Matam: An Arabic word which literally translated to a mourning house. In Bahrain Shia Muslim society it is the place to conduct certain rituals for happy and sad religious events. Matam is a gender-segregated place so there are men Matam and women Matam.
Men Matams are located normally in a hall in the city or the village, which makes it more of a community center but what is special about women Matams in Bahrain that it is usually part of the family house, it could be one of the rooms, sometimes even in the middle of the house or an extension of the house like my grandmother Matam.
Being away from community control, and because of its private and isolated nature, women Matam is run according to the mood of its owner, especially when it comes to the type of rituals and stories to be told about the historical events. Like the case of my grandmother Matam which things has not changed since more than 50 years ago.

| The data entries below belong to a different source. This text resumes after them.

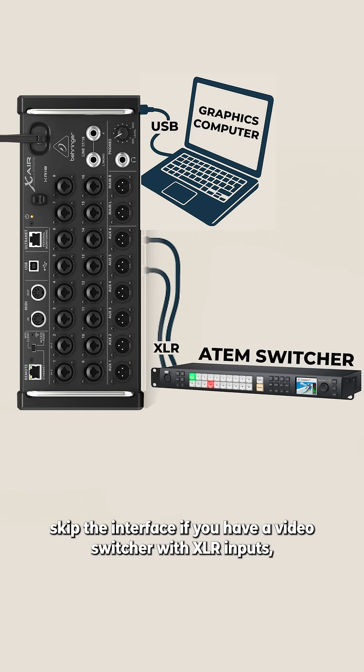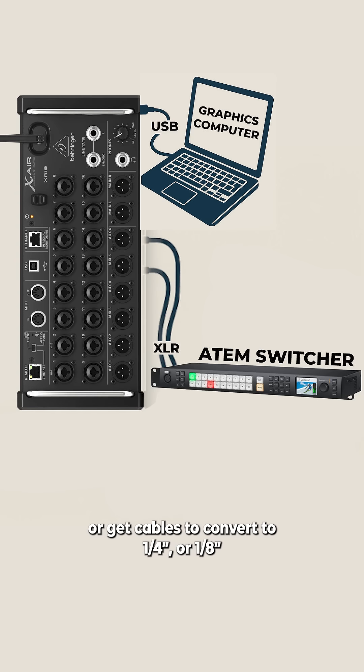Skip the interface if you have a video switcher with XLR inputs, or get cables to convert to quarter inch or eighth inch for an ATEM switcher.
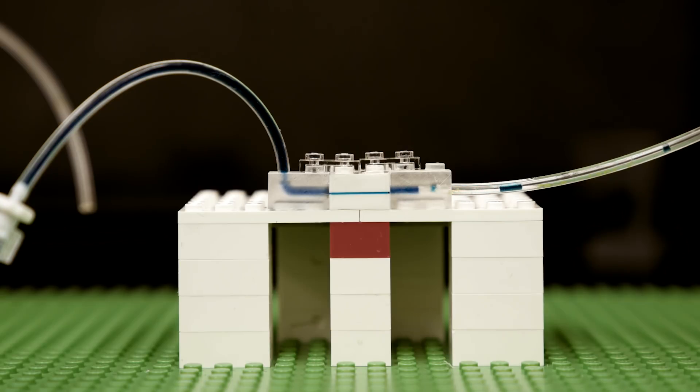By snapping, clicking, and connecting a series of interlocking injection molded blocks, MIT researchers have designed a new modular microfluidic device that can mix, sort, and pump fluids for various needs and applications.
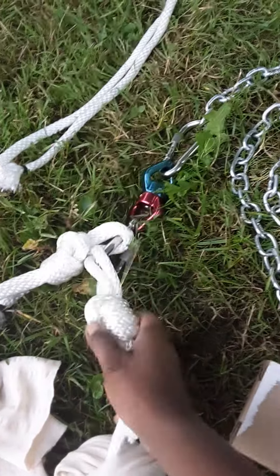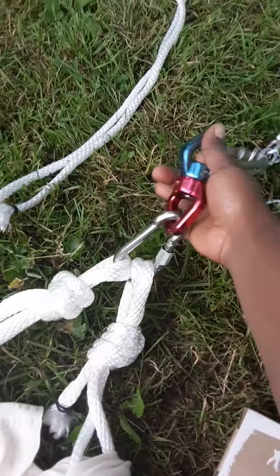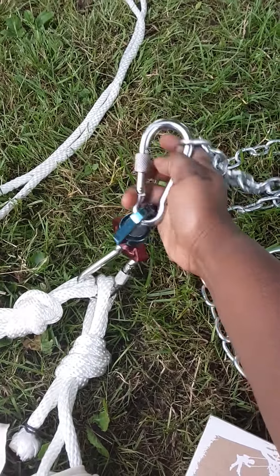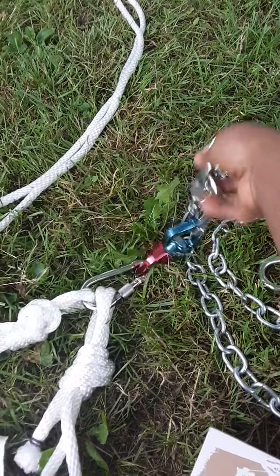Most importantly is everything. I have my silks, which are knotted — learned to do it myself. And I have two locking carabiners, so they will not move out of place, even if I jerk or shock my equipment.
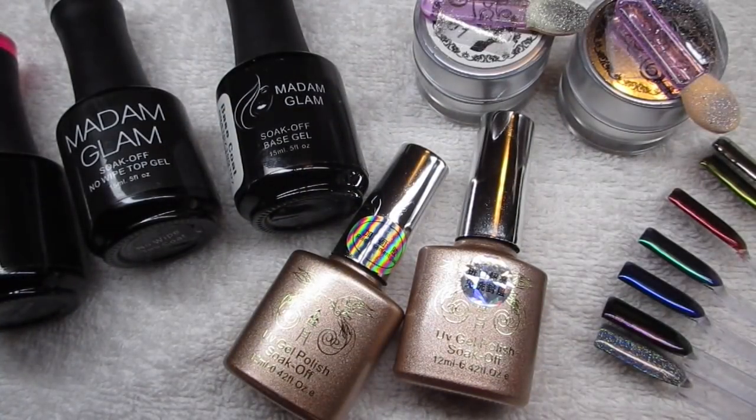Hey everyone, welcome to my channel. In this video I will be making some chrome and holo nails. You guys have requested this video for so long and finally it's here. I was contacted by a company called banggood.com and they sent me these holo powder and chrome powder to try out, so I thought since you guys have requested this, why not make this video.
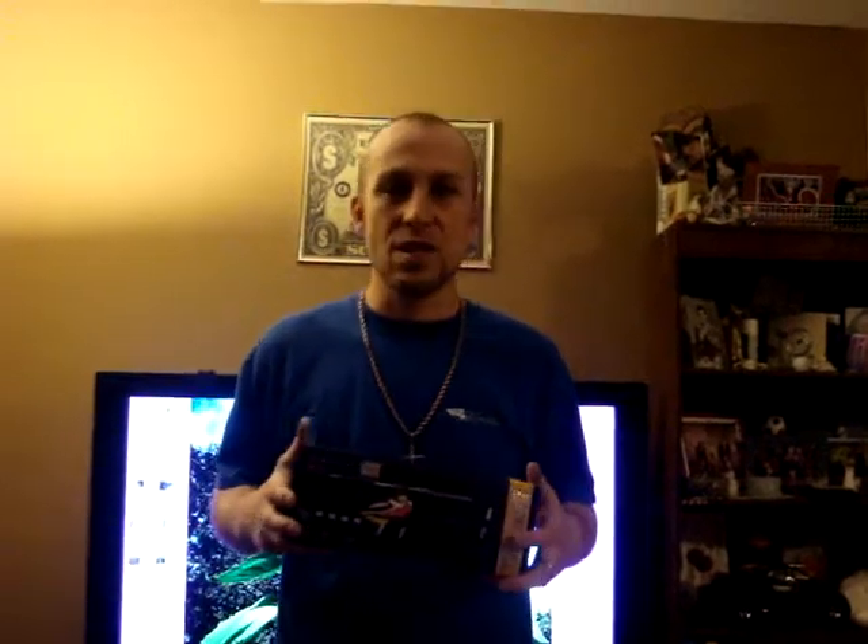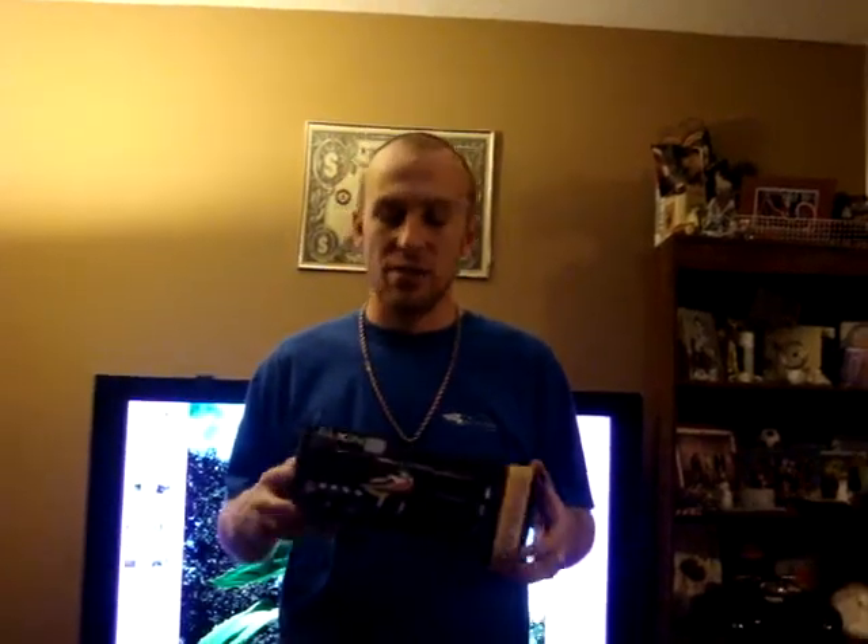Hey guys, PJ here from Skycraft Hobbies. Just wanted to break it down and bring you a few new things on the market. We got that T-Rex 250 build to do here — can't wait to show you guys when it's all said and done.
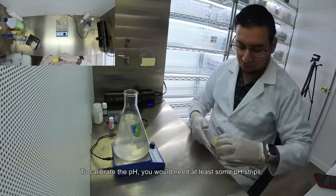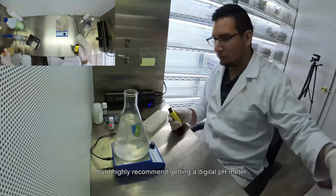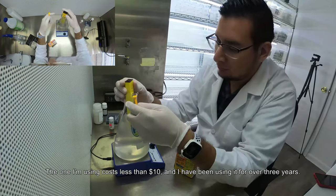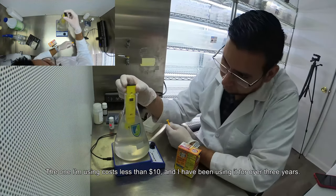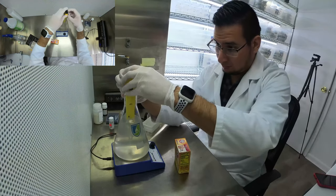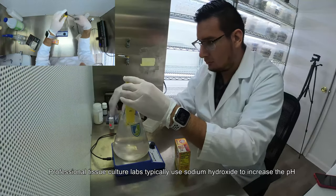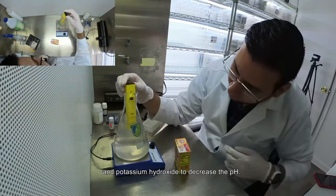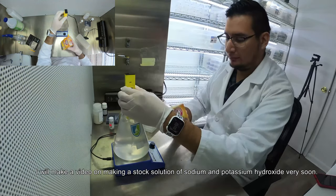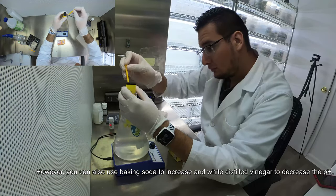To calibrate the pH you will need at least some pH strips, but I highly recommend getting a digital pH meter. The one I'm using cost less than $10 and I have been using it for over three years — I will invest in a better pH meter soon. Professional tissue culture labs typically use sodium hydroxide to increase the pH and potassium hydroxide to decrease the pH. I will make a video on making a stock solution of sodium and potassium hydroxide very soon. However, you can also use baking soda to increase the pH.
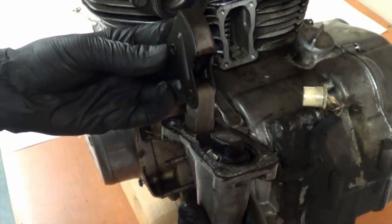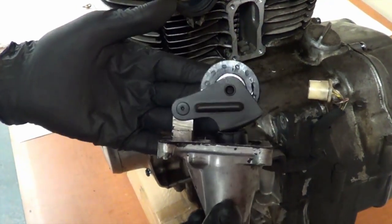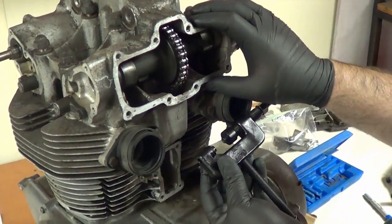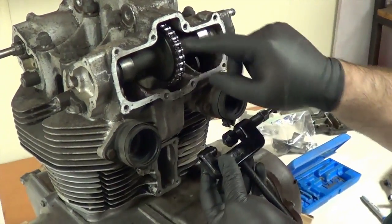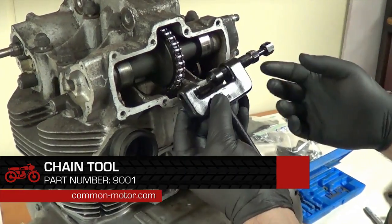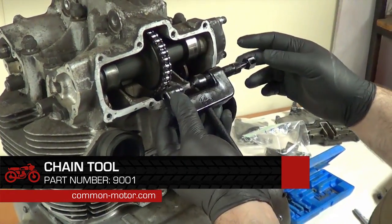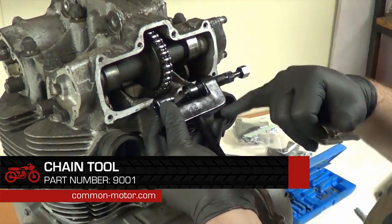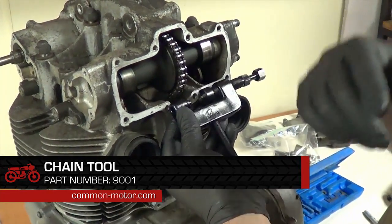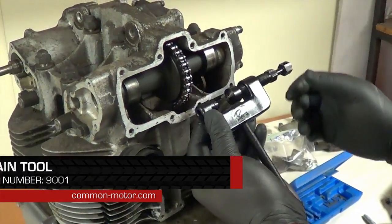Cam chain tensioner assembly. In order to remove the cylinder head on the 450, we have to actually cut the cam chain or break the chain with a chain breaker tool. This is one we use here in the shop all the time. We're going to just push the pin of one of the rivets out so the chain can be separated.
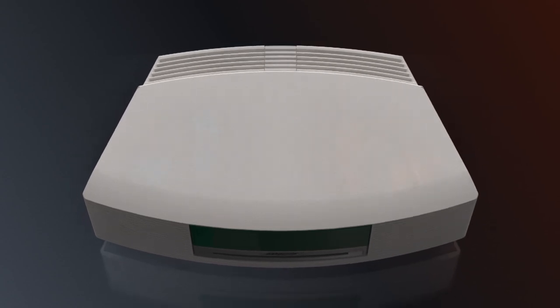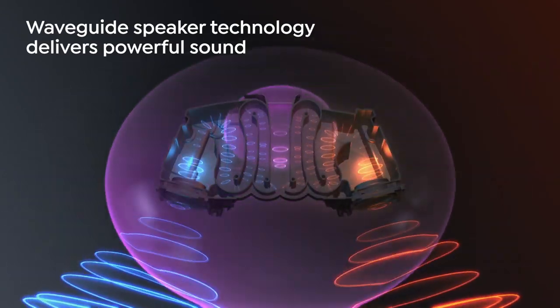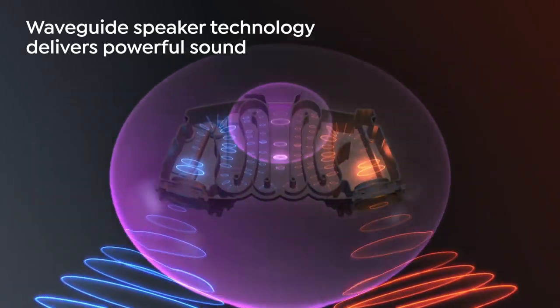Inside this little machine is the WaveGuide speaker technology. Two Taper WaveGuides connect to two speakers to deliver sound performance powerful enough to fill any room.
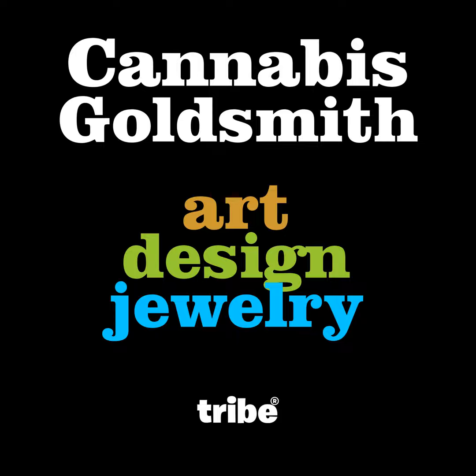Rubies are red corundum and sapphires are every other color of corundum. So sapphires can be blue, green, or clear like diamonds. Rubies can only be red and versions of red. But they're both corundum and very hard — slightly less hard than diamonds, but really hard stones. So they're good to wear in jewelry. Sapphires and rubies can hold their polish because they're so hard, and that's why they became popular in jewelry. Also, the colors are truly outstanding, especially with sapphires.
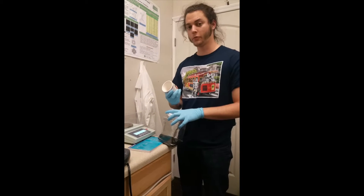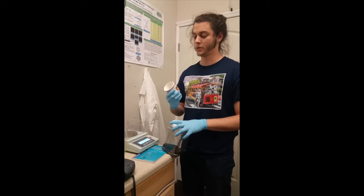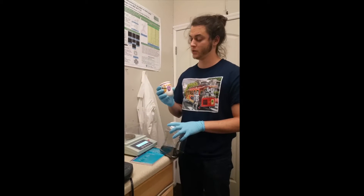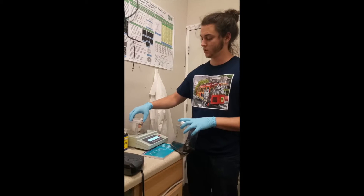I've done this before with a glass container and it broke it, but I'm going to try ceramic this time with these nice little grapes and hopefully it won't break it. But if it does, that would be sad because it's a nice little jar thing.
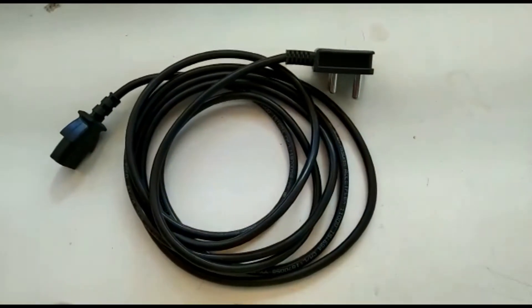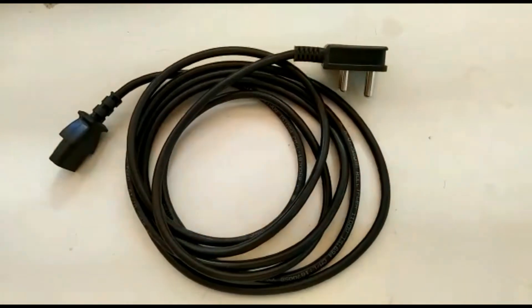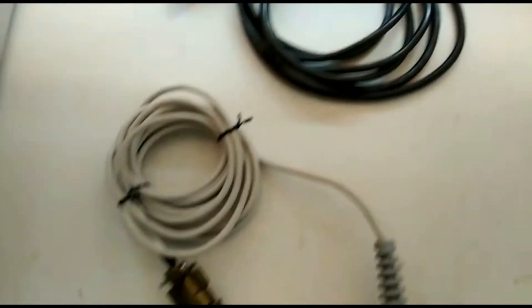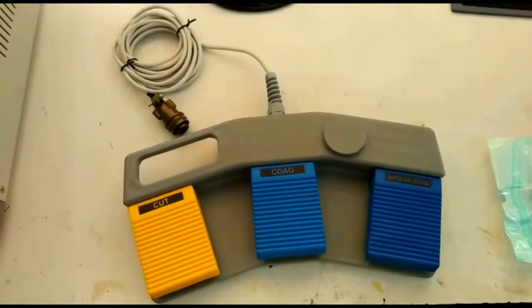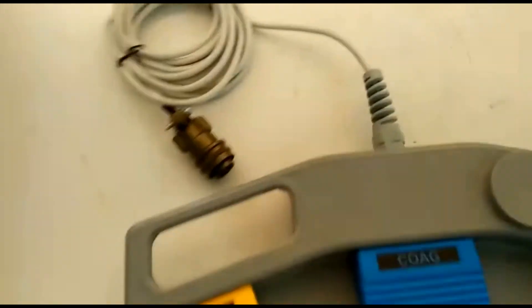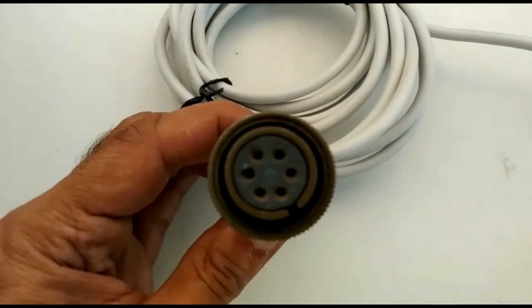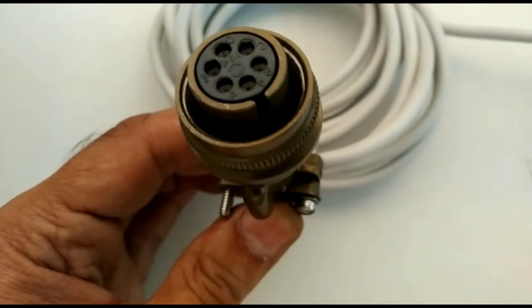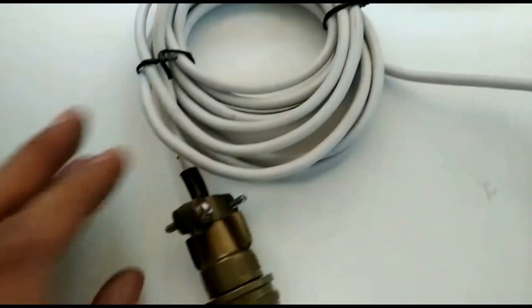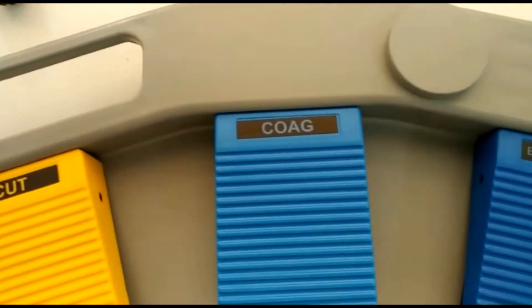Let's look at some of the accessories more closely. This is the power cord — the left side goes into the machine and the right side goes into the power plug. This is the three-pedal foot switch. Please look at the connector closely — you can see a notch on the right bottom side. When fitting it into the machine, observe this notch and fit it properly in the correct orientation.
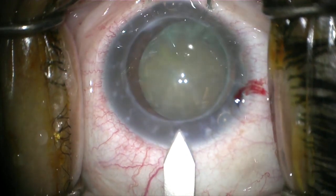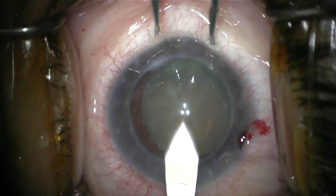The wound construction is also extremely important. You want to make sure to stay away from the edge of the graft.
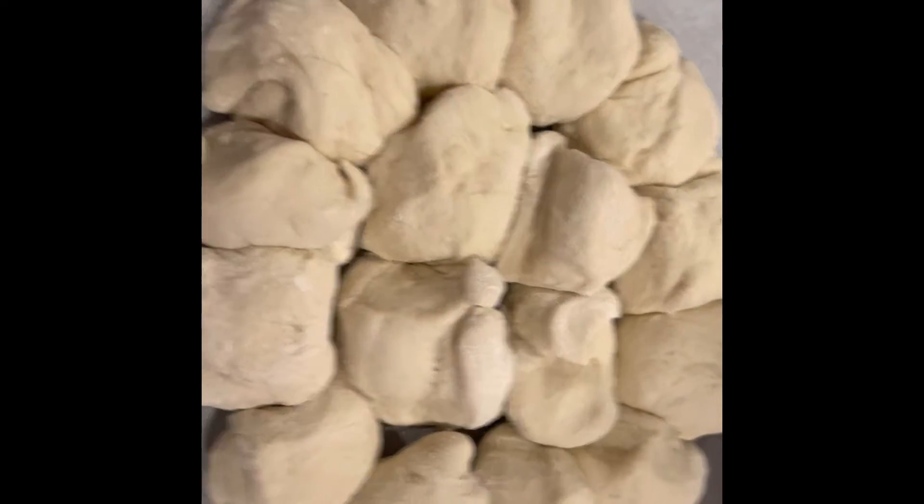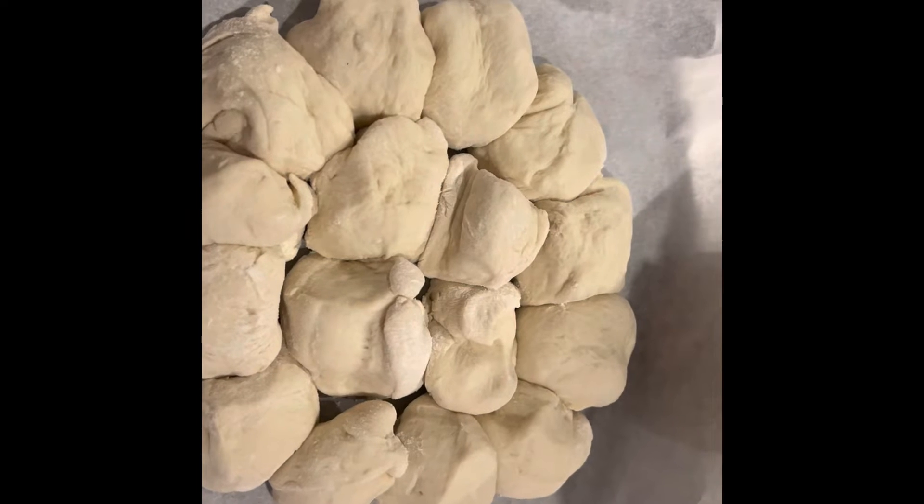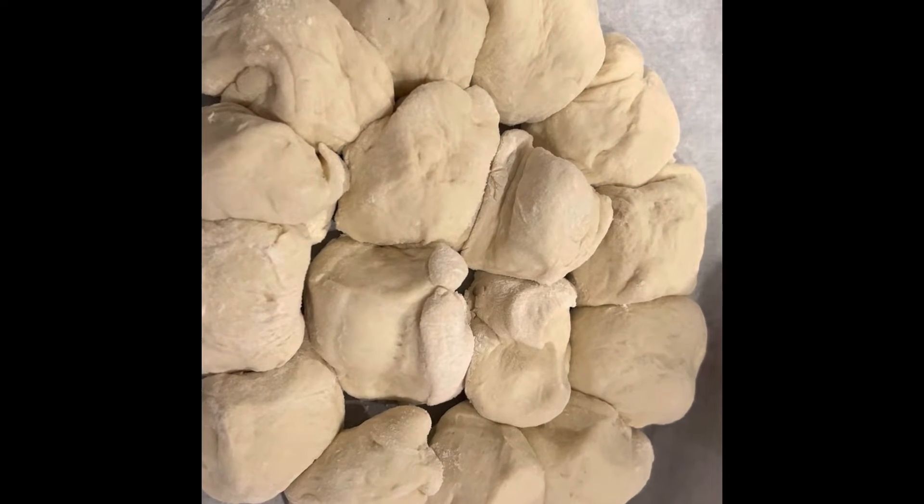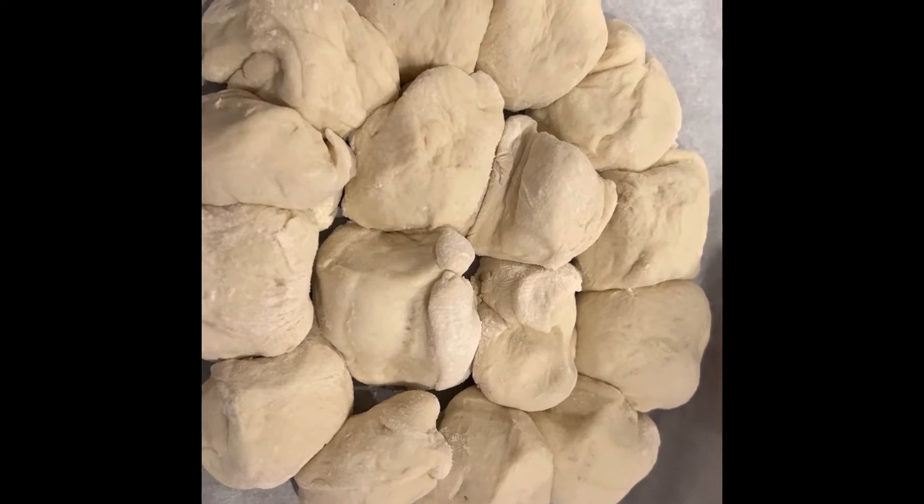Check this out — those are garlic knots, ready to go in at 450 for 35 minutes. Here they are — no smell-o-vision, but it sure is tasty. I put the butter and the garlic on it, then put it back in for 15 minutes. Look at that.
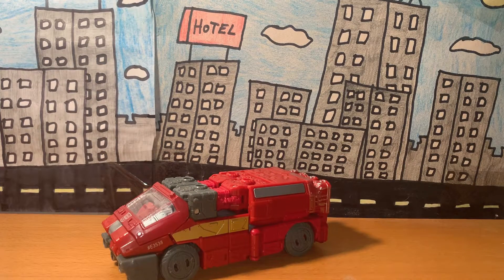Hey guys, Moth Marauder here and welcome back to another edition of my figure review series. For today's episode we're going to be taking a look at the Deluxe Class Ironhide figure from the Transformers Siege War for Cybertron Trilogy toyline, as well as the Netflix series based on said toyline.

Most of the women Matam won’t conduct any religious lectures or talks, during mourning event, for example, a person named “Mullaya” would cite poets and historical stories and the place will always reflect a loud voice of mourning rhythm and cry of women.
I was lucky that my grandmother and other women attending the Matam allowed me to document the story of women Matam. What I document is the renovated Matam which looks very modern today but with touches of decoration, it has its own personality. For me the Matam will always be part of my memory growing up next to it, this work is a pure documentation of my grandmother Matam and it is an untold story in Bahrain.
This is part of an ongoing project to document women Matams in Bahrain.